These findings are drawn from a series of semi-structured interviews with these volunteers, carried out in winter 2023. The aim of the study was to understand the value they placed upon the archive. Participants were recruited following an initial visit to the archival base, which enabled me to understand the collection and the work they were carrying out. All participants volunteered to be interviewed. Their roles in the project included one person who was an overall organiser, one group working on the photographic archives—including scanning and labelling photographs—and one group who were auditing the cuttings library. The interviewees additionally included two members of the society’s committee—one of whom had been instrumental in the initial salvage of the material. One participant worked part-time while the others were all fully retired. Another participant was a former employee of the newspaper.

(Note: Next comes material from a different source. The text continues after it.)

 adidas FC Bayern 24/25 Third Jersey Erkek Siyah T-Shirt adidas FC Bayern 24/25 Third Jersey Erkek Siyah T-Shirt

The interviews sought to establish: the value volunteers ascribed to the collection, their personal motivation for taking part, and the ways in which they thought it might be used and which aspects of the collection they personally found interesting. They took place either in the interviewee’s home or virtually, depending on their preference. The recordings were fully transcribed, so that the researcher was familiar with the data, which was then iteratively coded accorded to thematic headings relating to the research questions. The findings have been fully anonymised for publication. The participants were aware that I am a qualified journalist.
The analysis reveals the value volunteers placed both on the collection and on their involvement in it, value which was often expressed in emotional terms. Interviewee 2 described how the society was ‘astonished’ that the official city archives did not want the collection which they considered to be ‘gold’. This meant they ‘kept going’ (Interviewee 1) to salvage the collection as the newspaper prepared to relocate.
I was in an industrial skip the size of this room digging boxes of slides out and I couldn’t get another box in my car. The boot was full, the back seat was full, the passenger seat. And I looked inside [the skip] and I thought this lot tomorrow is going to be destroyed. Nobody cared. That’s the point—nobody cared. (Interviewee 2)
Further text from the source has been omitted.